Doing it—if not p then what. This part is about being able to make sense of the statistics you see in articles and reports. After exploring the general issue of the job of statistics further in Chapter 5, Chapter 6 covers traditional statistics (hypothesis testing and confidence intervals), and Chapter 7 introduces Bayesian statistics. For each we will consider what they mean and, as importantly, misinterpretations. Chapter 8 describes some of the common issues and problems faced by all these statistical methods including the dangers of cherry picking and the benefits of simulation and empirical methods made possible by computation. Chapter 9 focuses on the differences and my own recommendations for best choice of methods.
Design and interpretation. The last part of this book is focused on the decisions you need to make as you design your own studies and experiments, and interpret the results. Chapter 10 is about increasing the statistical power of your studies, that is making it more likely you will spot real effects. Chapter 11 moves on to when you have results and want to make sense of them and present them to others; however, much of this advice is also relevant when you are reading the work of others.

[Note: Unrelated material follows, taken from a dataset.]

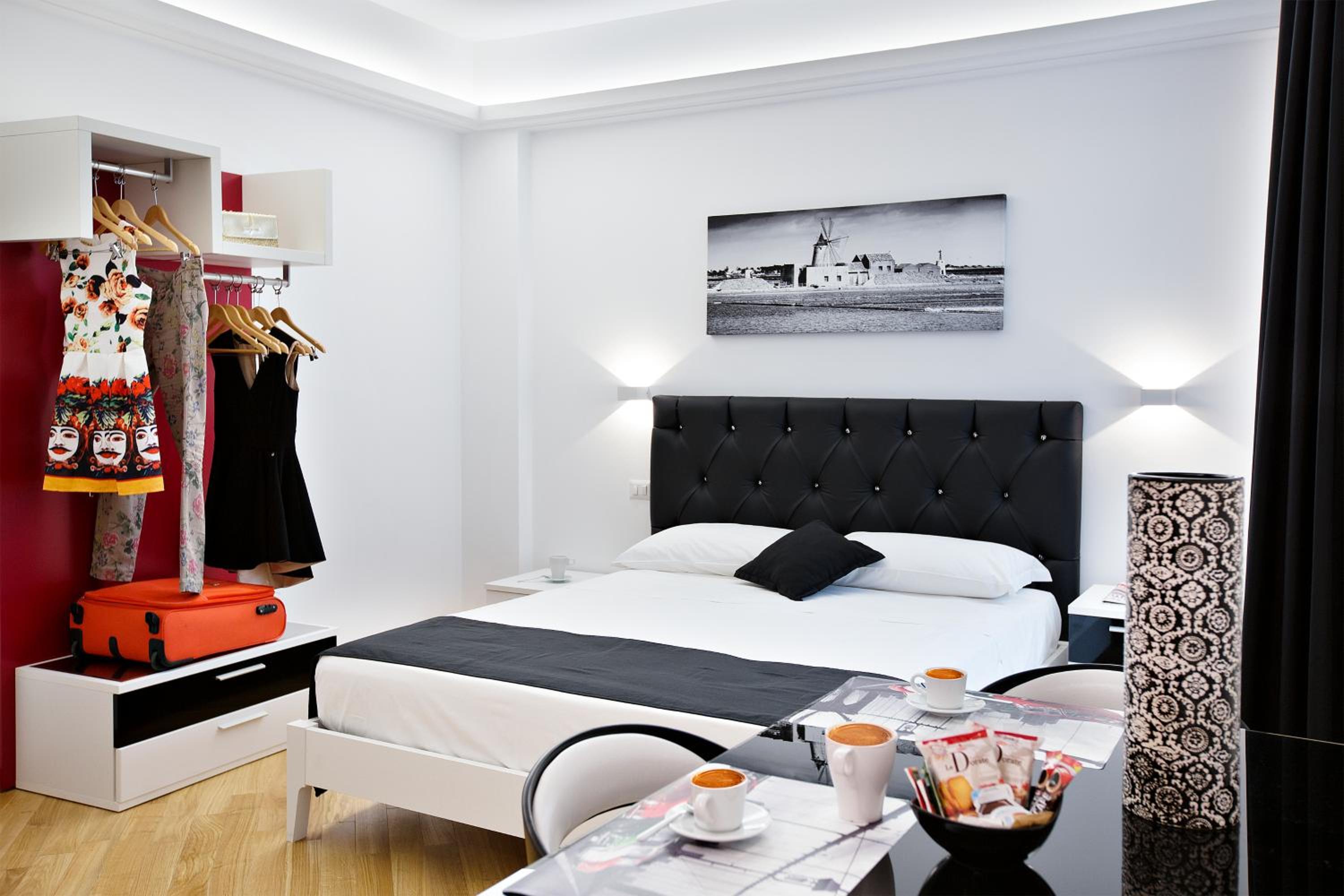 Studio Apartment photo 3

Finally, Chapter 12 reviews the current state of statistics within HCI and recent developments including adoption of new statistical methods and the analysis of big data.
PART I
Wild and Wide –Concerning Randomness and Distributions
CHAPTER 2
The unexpected wildness of random
How random is the world? We often underestimate just how wild random phenomena are—we expect to see patterns and reasons for what is sometimes entirely arbitrary.

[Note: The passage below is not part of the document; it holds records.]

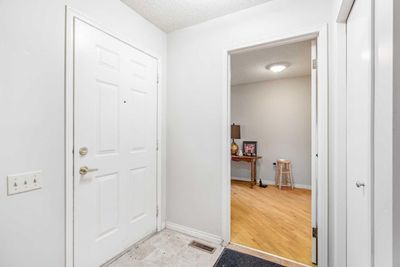 2828 Dovely Pk Se, House detached with 2 bedrooms, 1 bathrooms and 1 parking in Calgary AB | Image 2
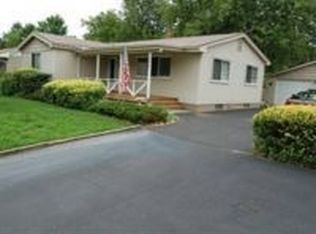 2879 Frembes Rd, Waterford, MI 48329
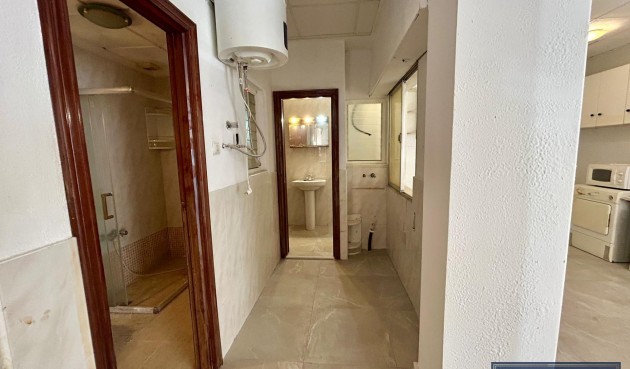 Brukt - Apartment -
Torrevieja - Centro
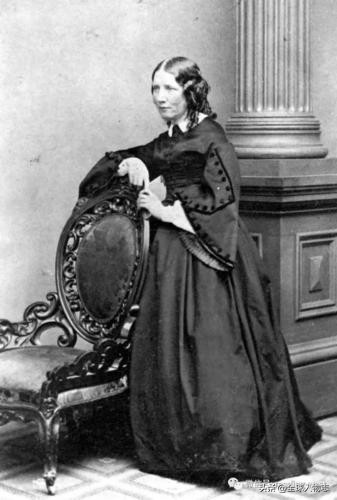 英国诗人艾略特,英国作家乔治的小说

By ‘wild’ here I mean that the behaviour of random phenomena is often far more chaotic than we expect. Perhaps because, barring the weather, so many aspects of life are controlled, we have become used to ‘tame,’ predictable phenomena. Crucially, this may lead to misinterpreting data, especially in graphs, either seeing patterns that are in fact pure randomness, or missing trends hidden by noise.
The mathematics of formal statistics attempts to see through this noise and give a clear view of robust properties of the underlying phenomenon. This chapter may help you see why you need to do this sometimes. However, we are also aiming to develop a ‘gut’ feeling for randomness, which is most important when you are simply eyeballing data, getting that first impression, to help you sort out the spurious from the serious and know when to reach for the formal stats.

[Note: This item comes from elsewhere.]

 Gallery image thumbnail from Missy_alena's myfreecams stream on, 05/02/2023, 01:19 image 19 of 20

2.1 EXPERIMENTS IN RANDOMNESS
Through a story and some exercises, I hope that you will get a better feel for how wild randomness is. We sometimes expect random things to end up close to their average behaviour, but we’ll see that variability is often large.
When you have real data you have a combination of some real effect and random ‘noise.’ However, if you do some coin tossing experiments you can be sure that the coins you are dealing with are (near enough) fair—everything you see will be sheer randomness.
2.1.1 RAINFALL IN GHEISRA
We’ll start with a story:
In the far-off land of Gheisra there lies the Plain of Nali. For 100 miles in each direction it spreads, featureless and flat, no vegetation, no habitation; except, at its very centre, a pavement of 25 tiles of stone, each perfectly level with the others and with the surrounding land.
The origins of this pavement are unknown—whether it was set there by some ancient race for its own purposes, or whether it was there from the beginning of the world.
Figure 2.1: Three days in Gheisra—Which are mere chance and which are an omen?
Rain falls but rarely on that barren plain, but when clouds are seen gathering over the Plain of Nali, the monks of Gheisra journey on pilgrimage to this shrine of the ancients, to watch for the patterns of the raindrops on the tiles. Oftentimes the rain falls by chance, but sometimes the raindrops form patterns, giving omens of events afar off.
Some of the patterns recorded by the monks are shown in Fig. 2.1. All of them at first glance seem quite random, but are they really? Do some have properties or tendencies that are not entirely like random rainfall? Which are mere chance, and which foretell great omens? Before reading on make your choices and record why you made your decision.
Before we reveal the true omens, you might like to know how you fare alongside three- and seven-year-olds.
When very young children are presented with this choice (with an appropriate story for their age) they give very mixed answers, but have a small tendency to think that distributions like Day 1 are real rainfall, whereas those like Day 3 are an omen.
In contrast, once children are older, seven or so, they are more consistent and tended to plump for Day 3 as the random rainfall.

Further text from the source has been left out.